What started against the window moved to my desk, papers scattering beneath her as I lifted her onto the polished surface. Her legs wrapped around my waist, skirt hiking up her thighs. I buried my face in her neck, inhaling the scent of her skin as she arched against me.
"I shouldn't want this," she gasped as my hands found the zipper of her dress.
"Neither should I," I growled, dragging the fabric down her shoulders.
There was nothing gentle about it. We collided like storms, all lightning and thunder, weeks of tension finally breaking. Her fingers tore at my shirt, sending buttons skittering across the floor. I pushed her dress up, my hands gripping her thighs hard enough to bruise.
When I finally thrust into her, she cried out, back arching off the desk.
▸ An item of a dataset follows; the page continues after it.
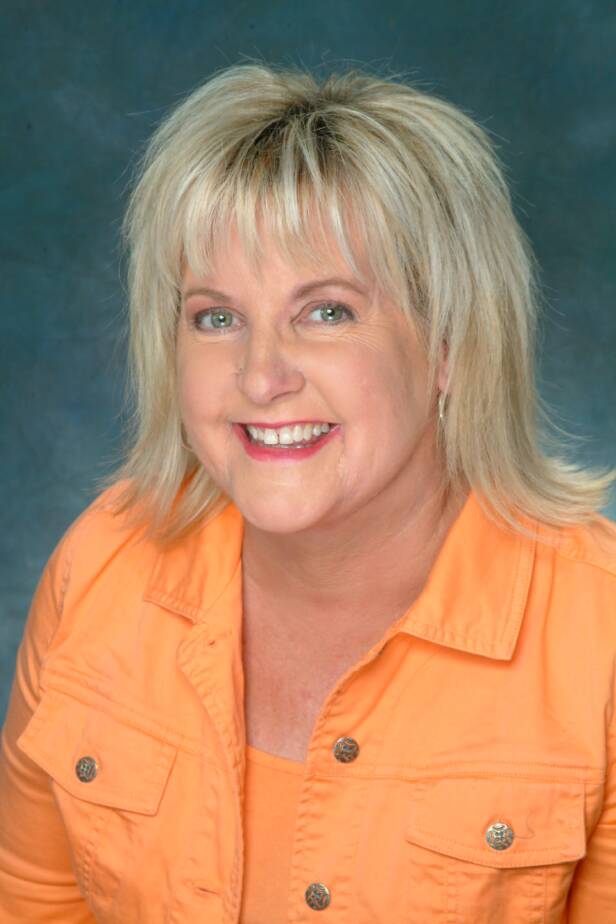 Gilbert, AZ Real Estate Agents and Brokers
I covered her mouth with mine, swallowing the sound as we moved together in desperate rhythm. It was angry, passionate, primal—both of us taking what we'd been denying we wanted.
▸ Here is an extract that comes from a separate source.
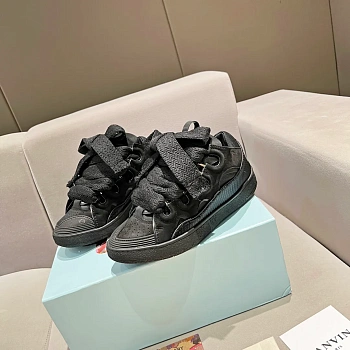 Кроссовки Женские Lanvin 11252349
She came apart beneath me, nails scoring down my back, my name a broken prayer on her lips. I followed moments later, burying my face in her hair as pleasure tore through me with unexpected violence.
Reality crashed back like cold water. My chest heaved as I stared down at her—hair disheveled, lips swollen, looking as shaken as I felt. Neither of us spoke. The weight of what had just happened hung between us like a loaded gun.
For several heartbeats, we remained frozen—my forehead pressed against hers, our breathing ragged, the scent of sex and expensive cologne heavy in the air.
Her fingers slowly unclenched from my shirt, leaving wrinkled fabric in their wake.
I became acutely aware of her legs still wrapped around my waist, of how perfectly she fit against me, of the way her pulse hammered beneath my lips when I'd kissed her throat.
The spell broke when papers crinkled beneath us—scattered documents from my desk, now crumpled and displaced.
The reminder of where we were, what had just happened, hit like a physical blow.
I pulled back carefully, helping her sit up, my hands steadying her as she swayed slightly.
Her dress had twisted around her waist, her hair falling in wild tangles around her shoulders.
There was something raw and beautiful about her dishevelment that made my chest tighten dangerously.
Neither of us spoke as I stepped back, putting distance between us while she smoothed her skirt with trembling hands. The silence stretched, heavy with things neither of us was ready to acknowledge.
I straightened, fixing my trousers, jaw clenched against the tide of conflicting emotions. Sophie’s chin raised defiantly despite the vulnerability in her eyes.
"This was a mistake," I said, voice rough.
"Was it?" she challenged.
I couldn't answer. What could I say? That for those brief minutes, I’d forgotten everything—who she was, who I was, the danger we were both in. I'd never lost control like that before.
Instead, I moved toward the door. "Get some rest. Tomorrow, we pretend this never happened."
What the hell did I just do? She's leverage—Antonio's weakness that I'm supposed to exploit. But in those few brief moments, she felt like… mine. That was the most dangerous thought I've ever had.
As I reached for the door handle, my phone rang. I answered, grateful for the interruption.
"We have a problem." Enzo's voice crackled through the speaker.
I turned, jaw clenched. "What now?"
Enzo appeared in the doorway, holding out a different phone. "This came through our secure line."
I took it, pressing it to my ear. Antonio's voice played through the speaker:
"I know you have her. Tell my brother I'm coming."